# PROMPT:
Transcribe only the part of the material below that begins at the line containing "istock Senior group" and ends at the line containing "Yellow racerback workout tank", with both kept and images left out.

[Opening PROVIDED RECORDS section]

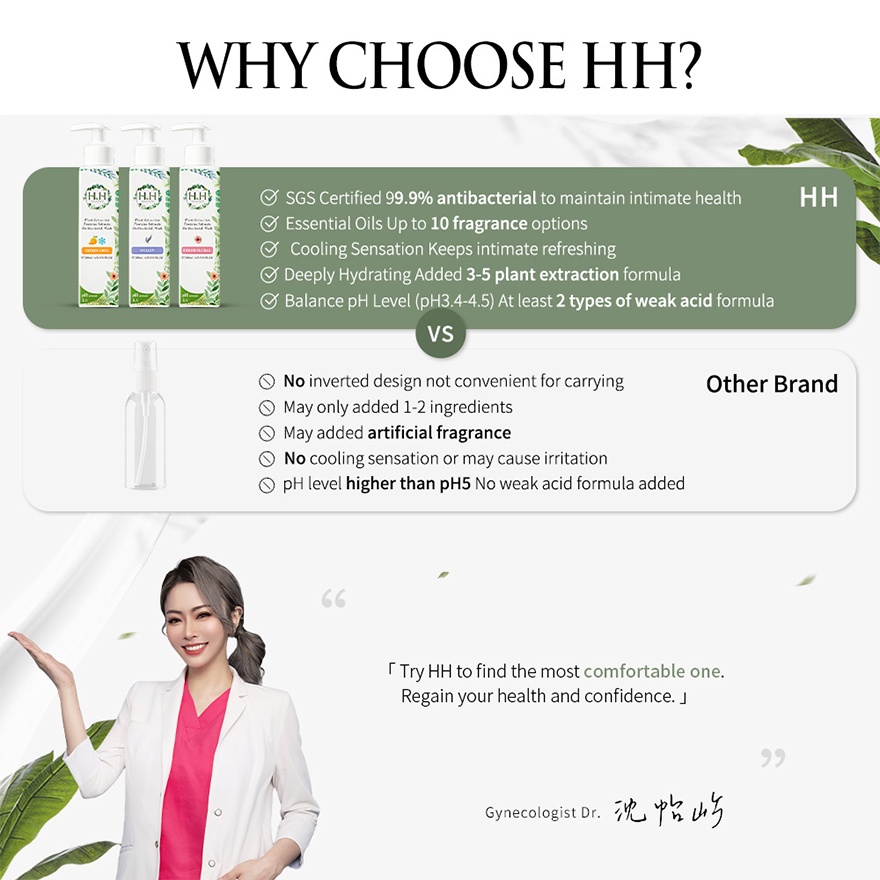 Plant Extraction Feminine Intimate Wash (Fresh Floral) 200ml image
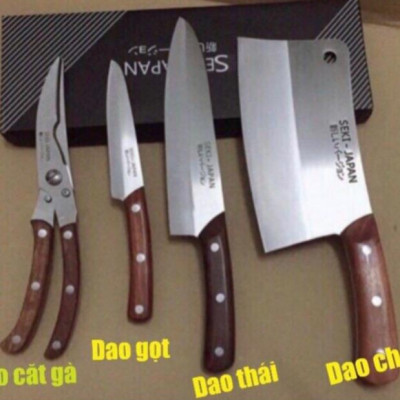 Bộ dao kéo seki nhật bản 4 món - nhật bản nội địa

[Closing PROVIDED RECORDS section]
[Opening PROVIDED RECORDS section]

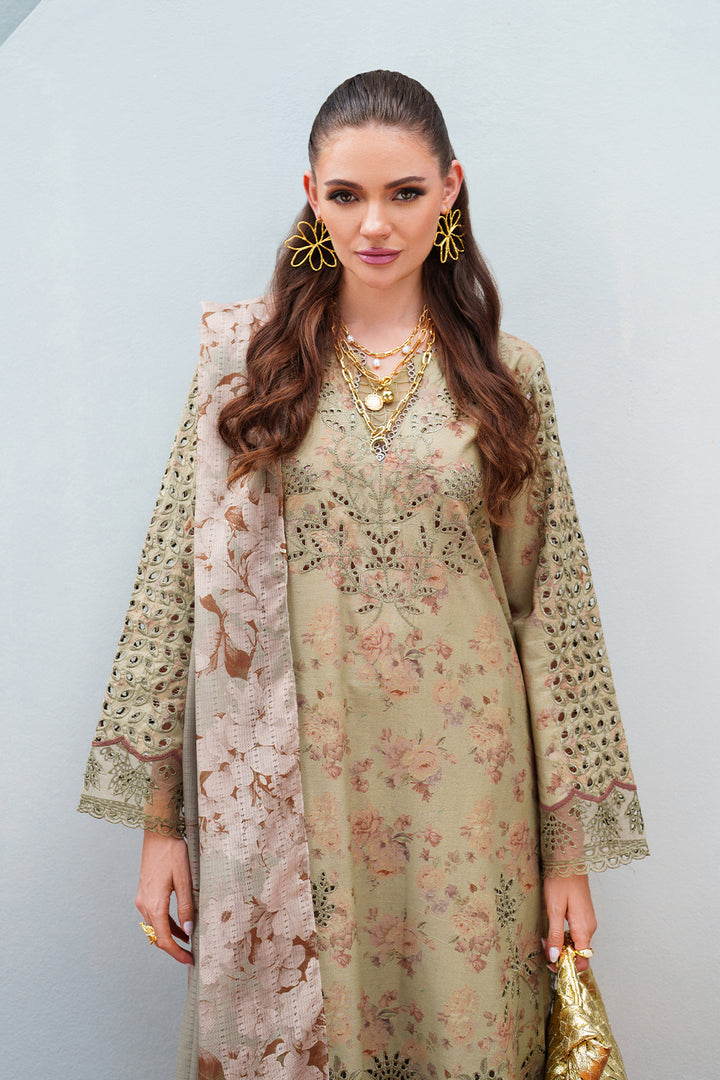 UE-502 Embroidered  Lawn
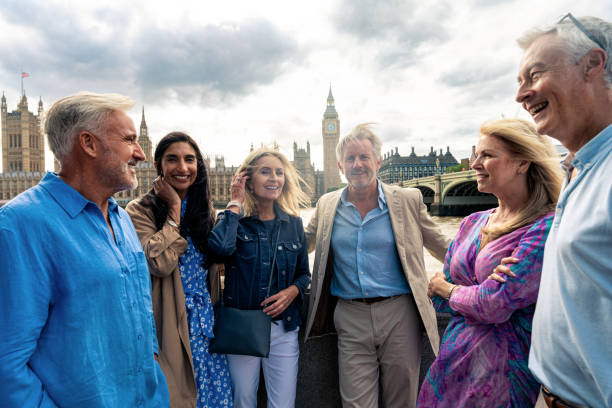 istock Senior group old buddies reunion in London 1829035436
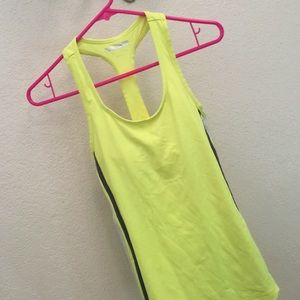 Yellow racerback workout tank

[Closing PROVIDED RECORDS section]
[Opening PROVIDED RECORDS section]

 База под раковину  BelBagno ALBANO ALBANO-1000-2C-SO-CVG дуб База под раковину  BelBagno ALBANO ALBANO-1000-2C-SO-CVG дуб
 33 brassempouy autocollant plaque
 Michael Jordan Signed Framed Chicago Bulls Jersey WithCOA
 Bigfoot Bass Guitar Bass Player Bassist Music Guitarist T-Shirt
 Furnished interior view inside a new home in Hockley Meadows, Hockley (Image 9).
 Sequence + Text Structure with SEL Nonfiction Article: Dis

[Closing PROVIDED RECORDS section]

# OUTPUT FOR THIS EXERCISE:
 istock Senior group old buddies reunion in London 1829035436
 Yellow racerback workout tank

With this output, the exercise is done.